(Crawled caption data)
◇ ◇ ◇

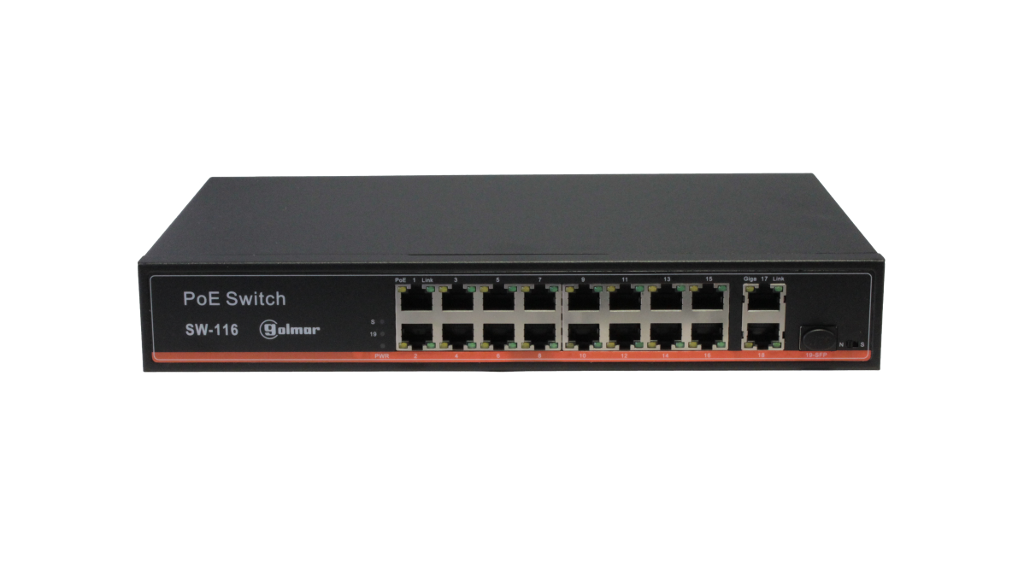 SWITCH SW-116 16POE 2UPLINK GIGA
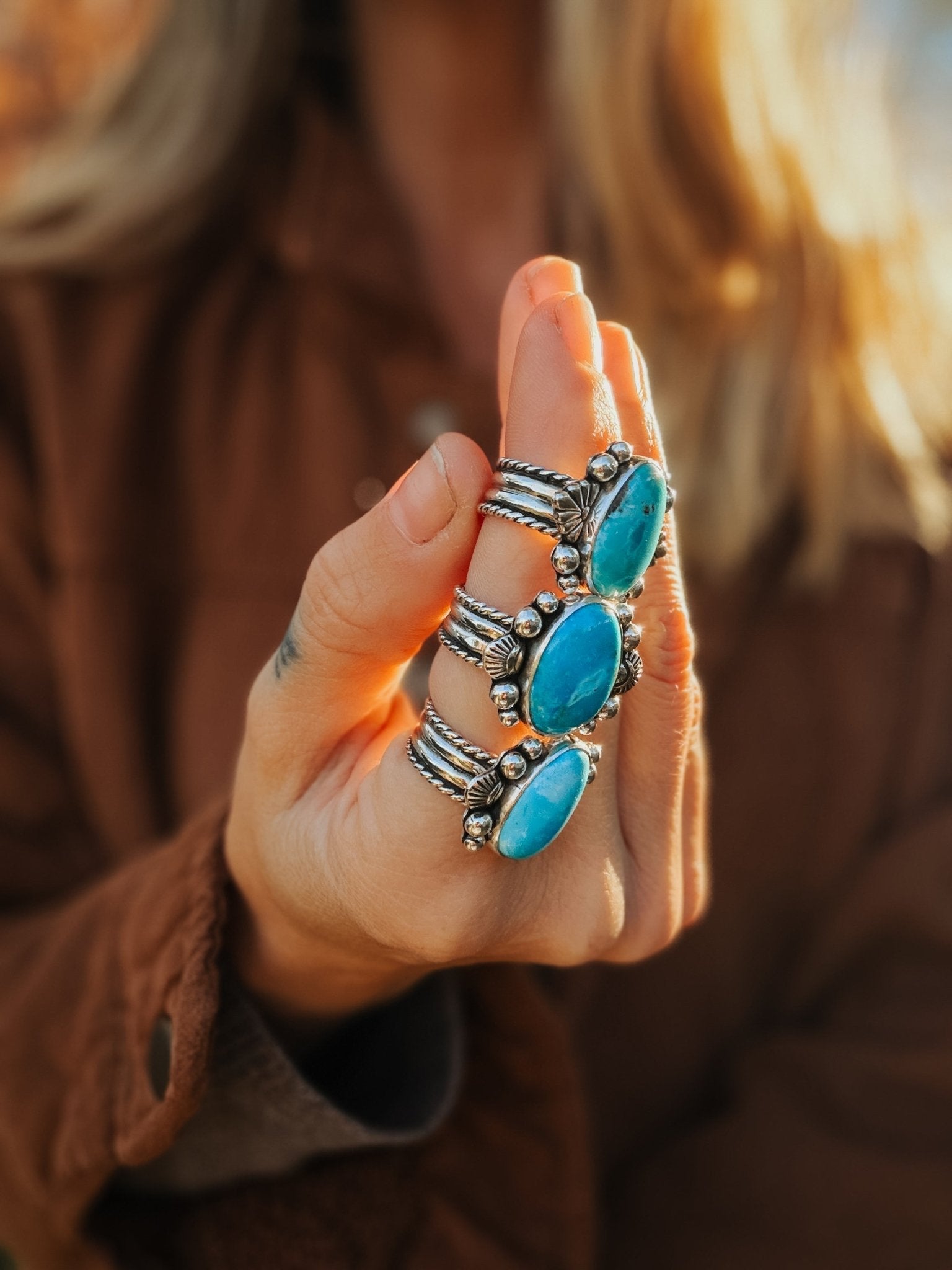 The Blue Sky Ring (Size 8.25) - Golden Road Crafted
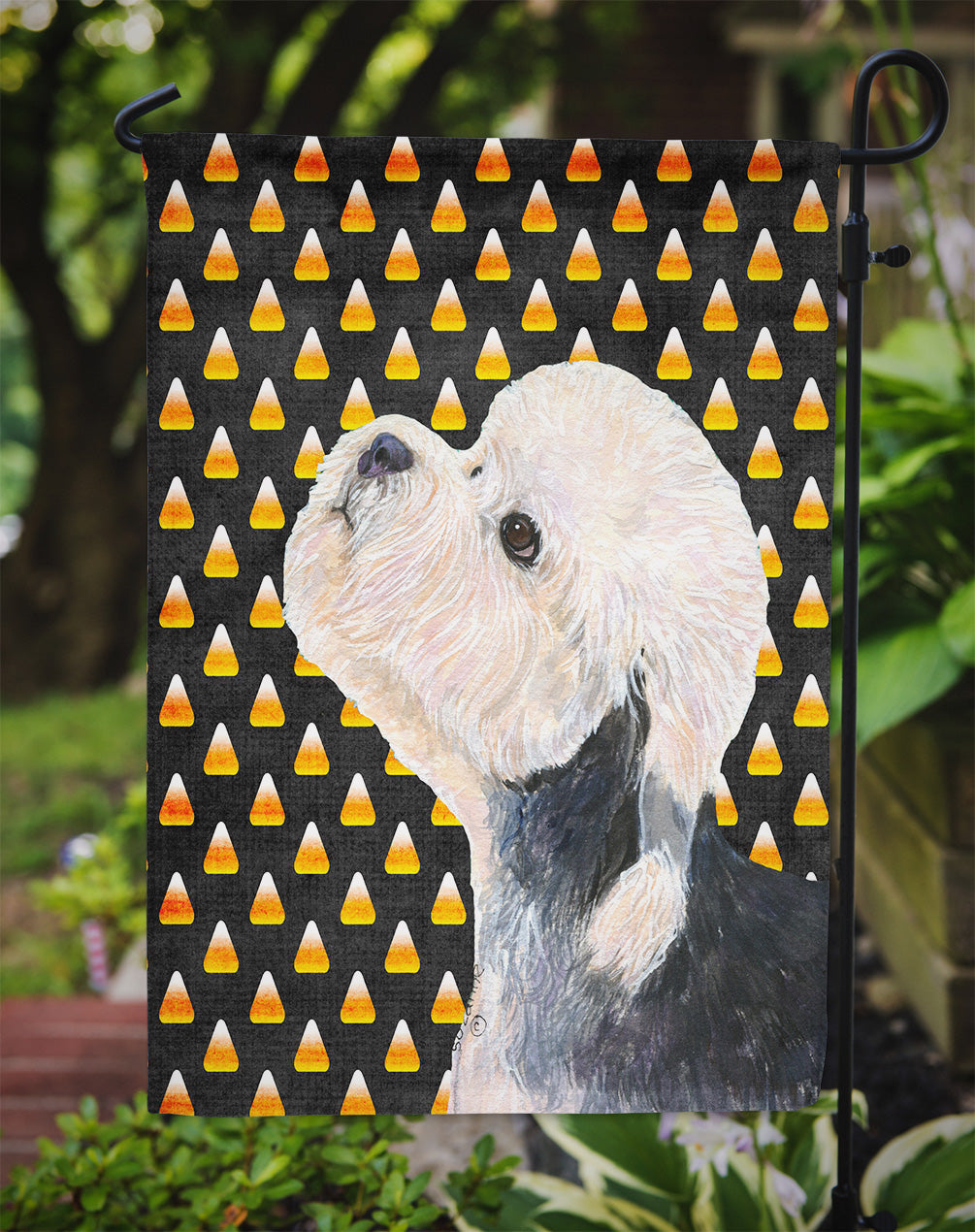 Dandie Dinmont Terrier Candy Corn Halloween Portrait Flag Garden Size.
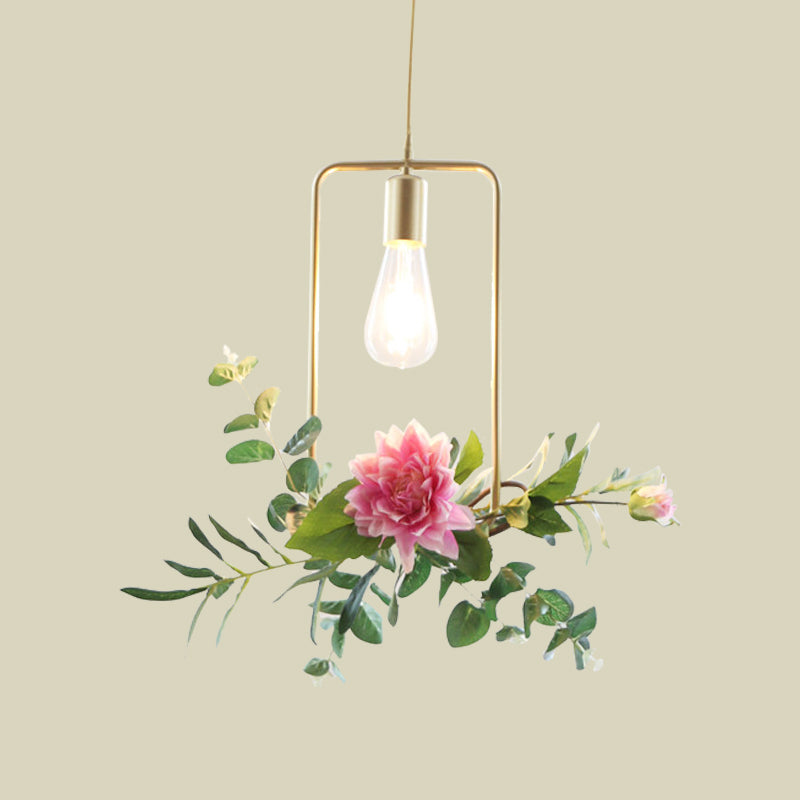 1-Light Metallic Hanging Pendant Loft Style Champagne Triangle/Round/Square Living Room Ceiling Light with Artificial Flower Deco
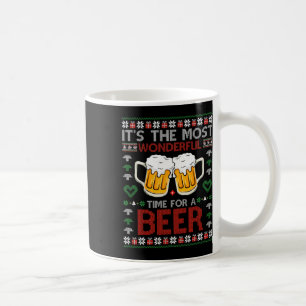It's The Most Wonderful Time For A Beer Santa Hat  Coffee Mug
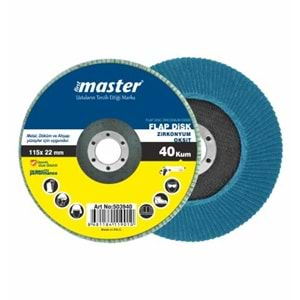 MASTER FLAP DİSK ZİRC.OKSİT 40 Kum 115 x 22 mm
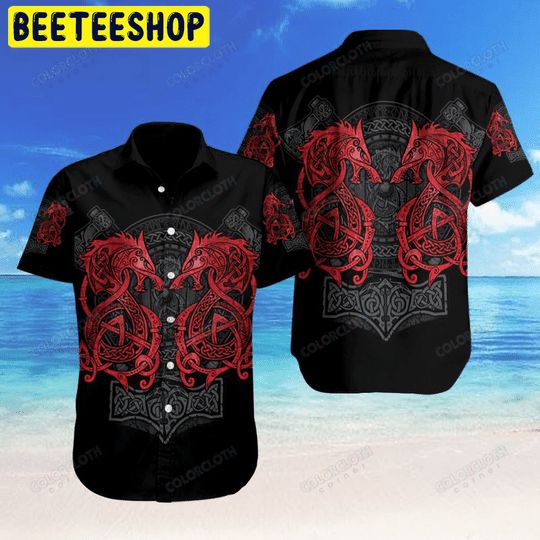 Viking Fenrir Trending Hawaiian Shirt Viking Fenrir Trending Hawaiian Shirt
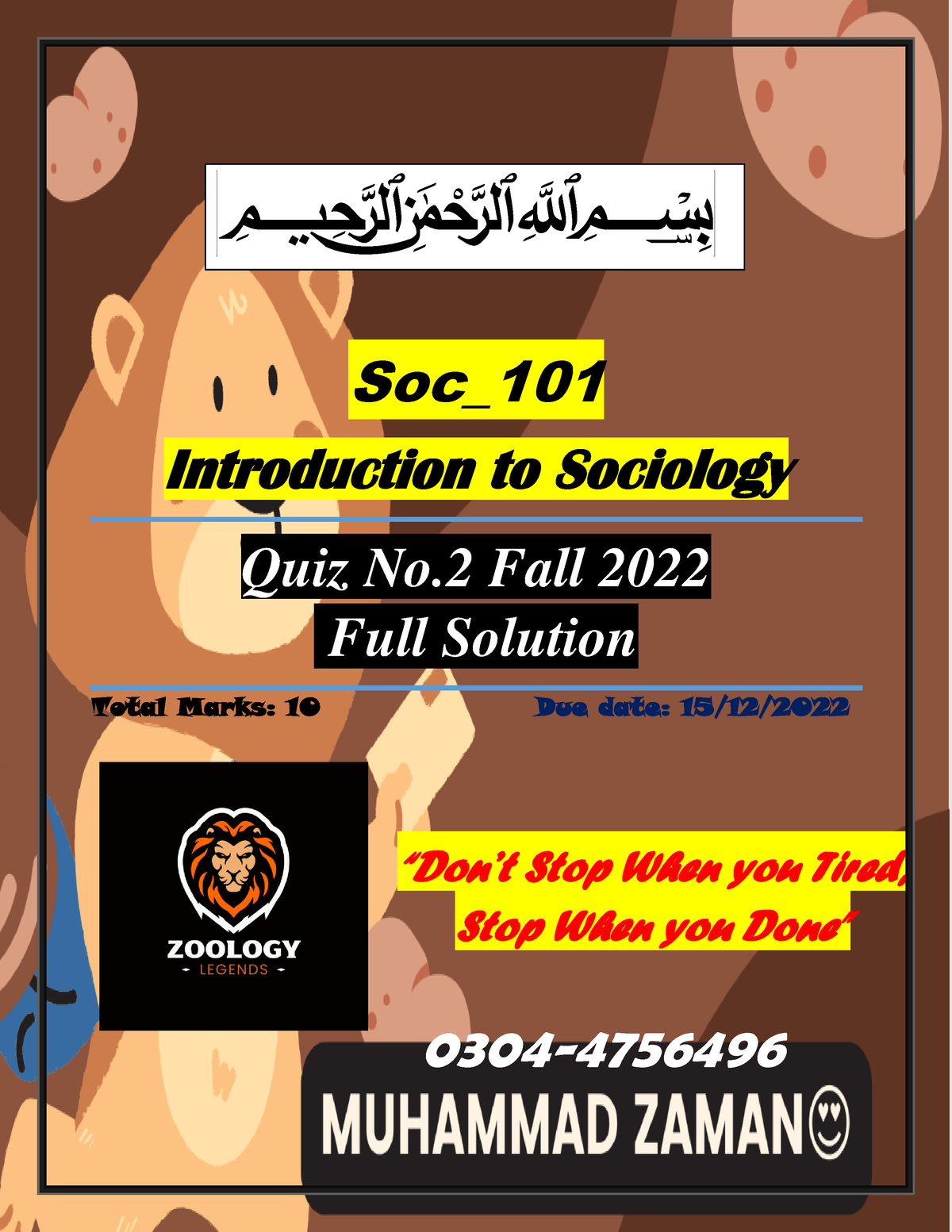 Soc101 Quiz 2 Fall 2022 BY Muhammad Zaman - Muhammad Zaman 03044756496 ...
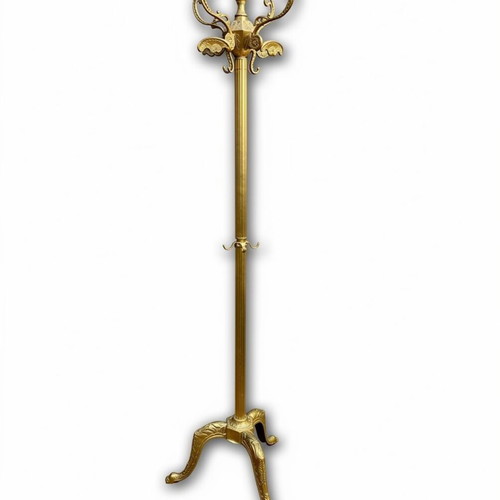 Antique Calogeros coat rack used, brass, 1920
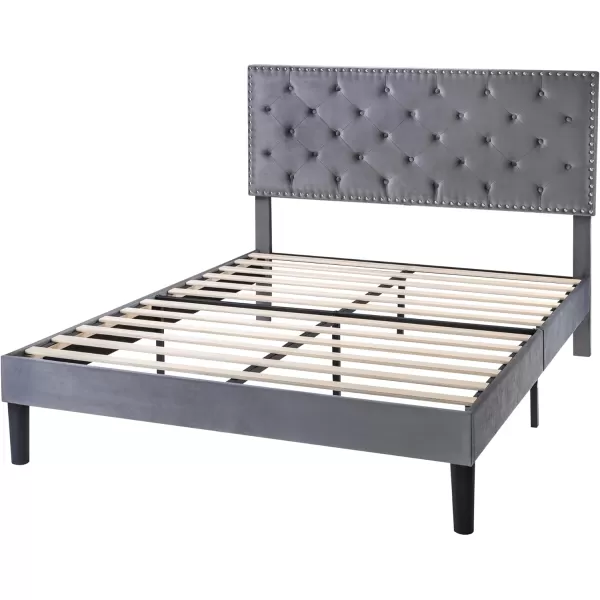 Allewie King Bed Frame Velvet Upholstered Platform Bed with Adjustable Diamond Button Tufted ampamp Nailhead Trim Headboard Wood Slat Support Easy Assembly No Box Spring Needed Dark GreenLight Grey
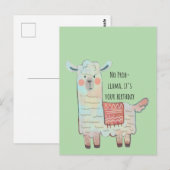 Cute lama, tekening van alpaca dier briefkaart (Voorkant / Achterkant)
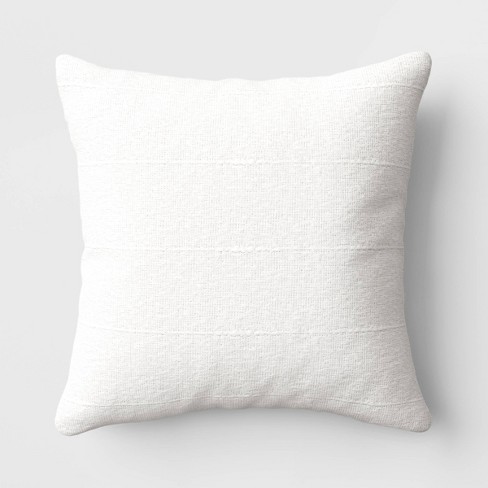 Textural Solid Square Throw Pillow Ivory Threshold Cotton Weave Indoor Decorative Cushion No Closure Target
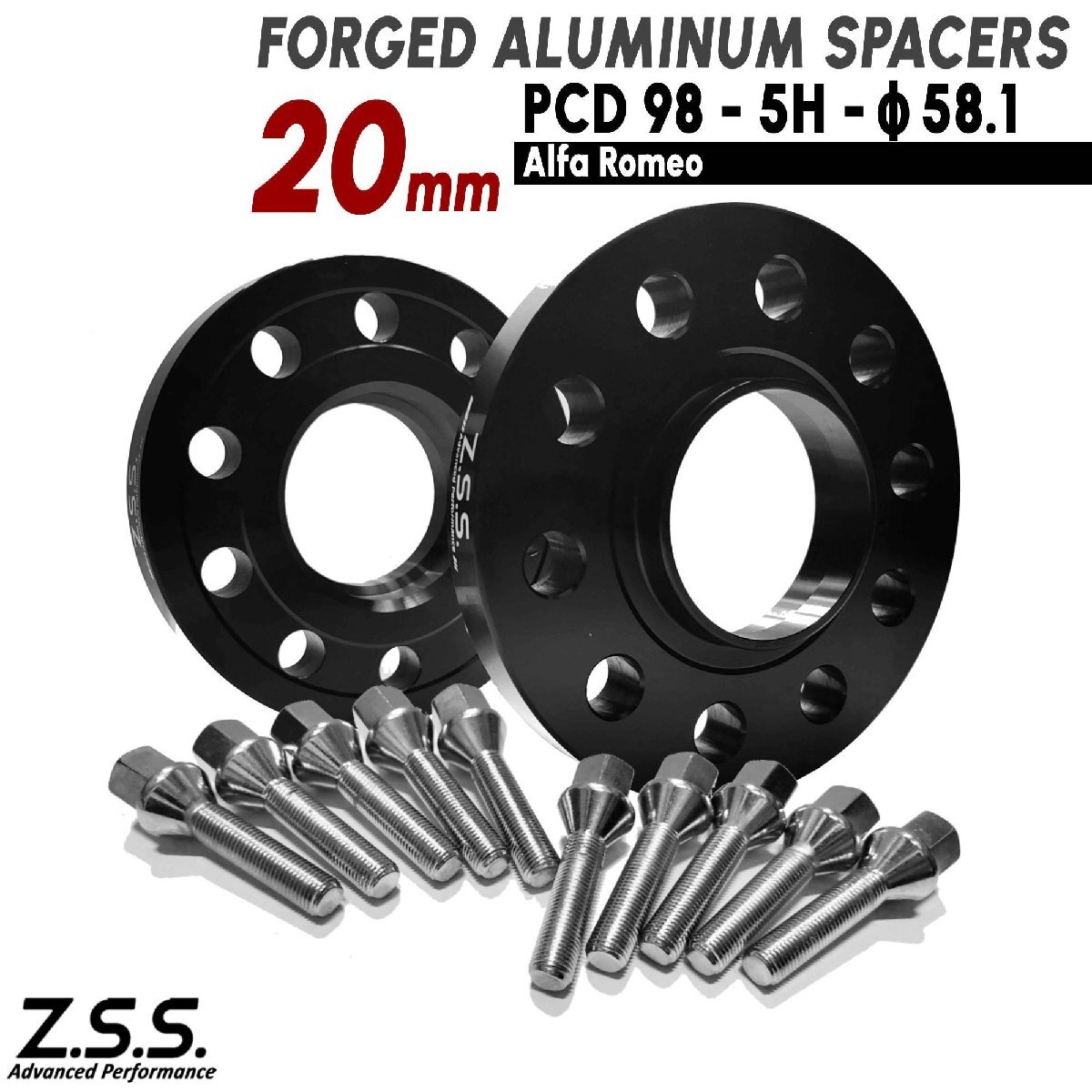 Z.S.S. AP アルファロメオ ALFA ROMEO GT 147 4C 厚み20mm PCD98 5穴 5x98 ハブ径58.1φ スペーサー M12xP1.25 ボルト付き ワイトレ ZSS拍卖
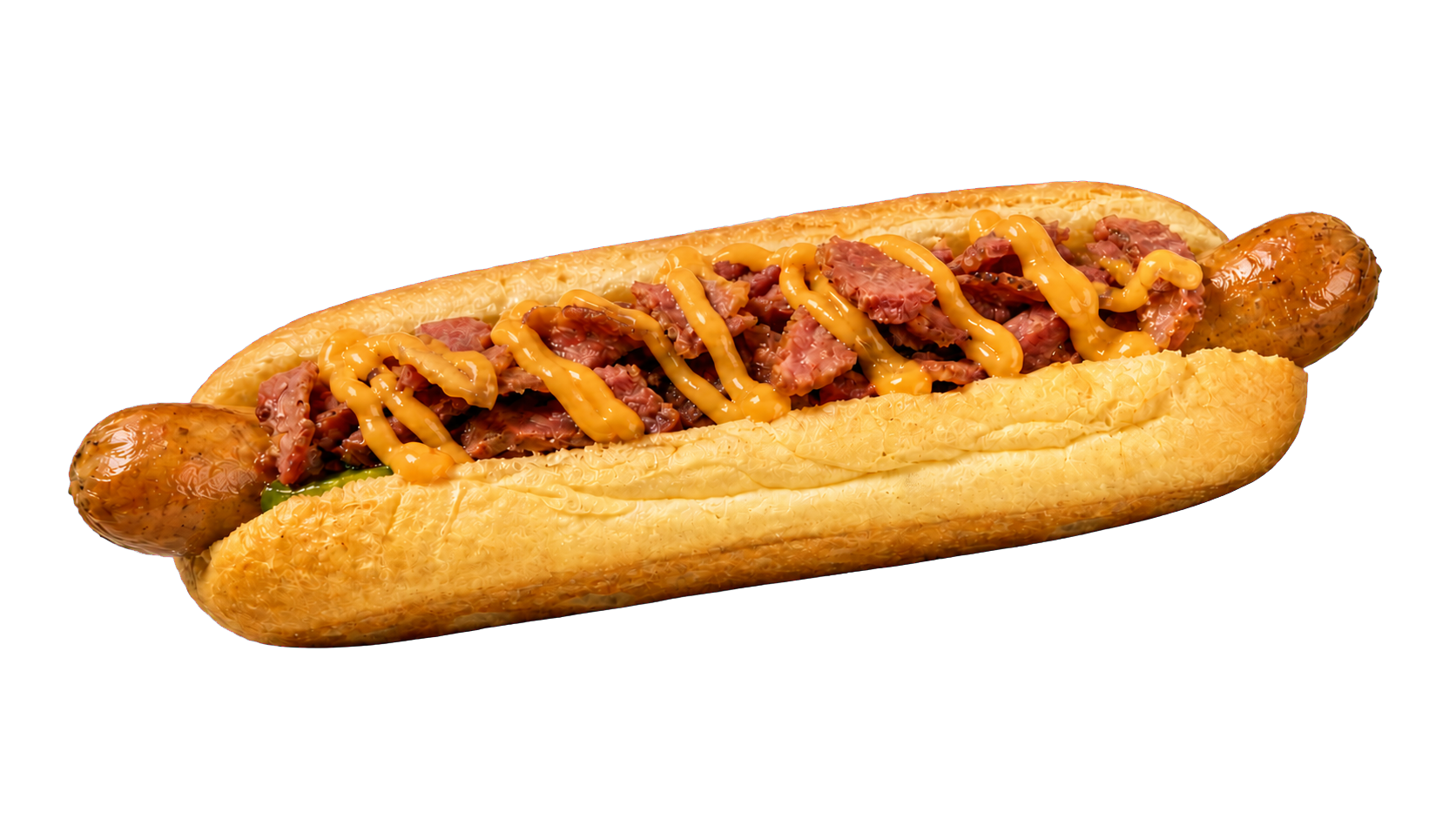 A loaded Sober Bites artisanal hotdog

◇ ◇ ◇

Above, find the line holding "1-Light Metallic Hanging" and the line holding "MASTER FLAP DİSK". Print exactly those two lines and every line between them, but no pictures.

** EXERCISE SOLUTION **
 1-Light Metallic Hanging Pendant Loft Style Champagne Triangle/Round/Square Living Room Ceiling Light with Artificial Flower Deco
It's The Most Wonderful Time For A Beer Santa Hat  Coffee Mug
 MASTER FLAP DİSK ZİRC.OKSİT 40 Kum 115 x 22 mm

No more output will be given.